WHAT YOU WILL DO
Please output the data exactly, without omitting anything.

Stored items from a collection
--------------------------------------------------
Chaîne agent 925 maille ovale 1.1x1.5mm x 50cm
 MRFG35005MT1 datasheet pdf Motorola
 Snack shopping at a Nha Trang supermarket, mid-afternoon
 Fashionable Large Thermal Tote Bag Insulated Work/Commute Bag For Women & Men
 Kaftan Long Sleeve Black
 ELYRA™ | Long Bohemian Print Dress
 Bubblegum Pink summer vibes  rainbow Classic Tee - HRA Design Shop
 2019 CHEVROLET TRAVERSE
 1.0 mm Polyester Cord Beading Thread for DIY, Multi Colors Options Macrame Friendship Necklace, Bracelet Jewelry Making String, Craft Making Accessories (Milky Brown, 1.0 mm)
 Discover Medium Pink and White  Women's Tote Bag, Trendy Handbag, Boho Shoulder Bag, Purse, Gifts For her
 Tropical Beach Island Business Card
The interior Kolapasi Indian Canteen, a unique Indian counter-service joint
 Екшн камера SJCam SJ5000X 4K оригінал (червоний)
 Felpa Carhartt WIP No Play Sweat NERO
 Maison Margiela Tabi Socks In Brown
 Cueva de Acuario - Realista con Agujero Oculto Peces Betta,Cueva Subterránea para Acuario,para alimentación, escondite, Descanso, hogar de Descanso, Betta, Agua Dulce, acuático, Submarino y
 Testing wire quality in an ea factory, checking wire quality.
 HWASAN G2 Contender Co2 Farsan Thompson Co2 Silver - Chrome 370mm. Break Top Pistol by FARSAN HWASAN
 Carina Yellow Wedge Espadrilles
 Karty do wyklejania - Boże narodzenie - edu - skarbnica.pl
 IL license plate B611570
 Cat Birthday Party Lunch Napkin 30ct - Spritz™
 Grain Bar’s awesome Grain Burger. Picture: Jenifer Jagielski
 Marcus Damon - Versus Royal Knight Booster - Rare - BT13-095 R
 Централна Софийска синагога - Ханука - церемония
--------------------------------------------------
EXERCISE OUTPUT
Chaîne agent 925 maille ovale 1.1x1.5mm x 50cm
 MRFG35005MT1 datasheet pdf Motorola
 Snack shopping at a Nha Trang supermarket, mid-afternoon
 Fashionable Large Thermal Tote Bag Insulated Work/Commute Bag For Women & Men
 Kaftan Long Sleeve Black
 ELYRA™ | Long Bohemian Print Dress
 Bubblegum Pink summer vibes  rainbow Classic Tee - HRA Design Shop
 2019 CHEVROLET TRAVERSE
 1.0 mm Polyester Cord Beading Thread for DIY, Multi Colors Options Macrame Friendship Necklace, Bracelet Jewelry Making String, Craft Making Accessories (Milky Brown, 1.0 mm)
 Discover Medium Pink and White  Women's Tote Bag, Trendy Handbag, Boho Shoulder Bag, Purse, Gifts For her
 Tropical Beach Island Business Card
The interior Kolapasi Indian Canteen, a unique Indian counter-service joint
 Екшн камера SJCam SJ5000X 4K оригінал (червоний)
 Felpa Carhartt WIP No Play Sweat NERO
 Maison Margiela Tabi Socks In Brown
 Cueva de Acuario - Realista con Agujero Oculto Peces Betta,Cueva Subterránea para Acuario,para alimentación, escondite, Descanso, hogar de Descanso, Betta, Agua Dulce, acuático, Submarino y
 Testing wire quality in an ea factory, checking wire quality.
 HWASAN G2 Contender Co2 Farsan Thompson Co2 Silver - Chrome 370mm. Break Top Pistol by FARSAN HWASAN
 Carina Yellow Wedge Espadrilles
 Karty do wyklejania - Boże narodzenie - edu - skarbnica.pl
 IL license plate B611570
 Cat Birthday Party Lunch Napkin 30ct - Spritz™
 Grain Bar’s awesome Grain Burger. Picture: Jenifer Jagielski
 Marcus Damon - Versus Royal Knight Booster - Rare - BT13-095 R
 Централна Софийска синагога - Ханука - церемония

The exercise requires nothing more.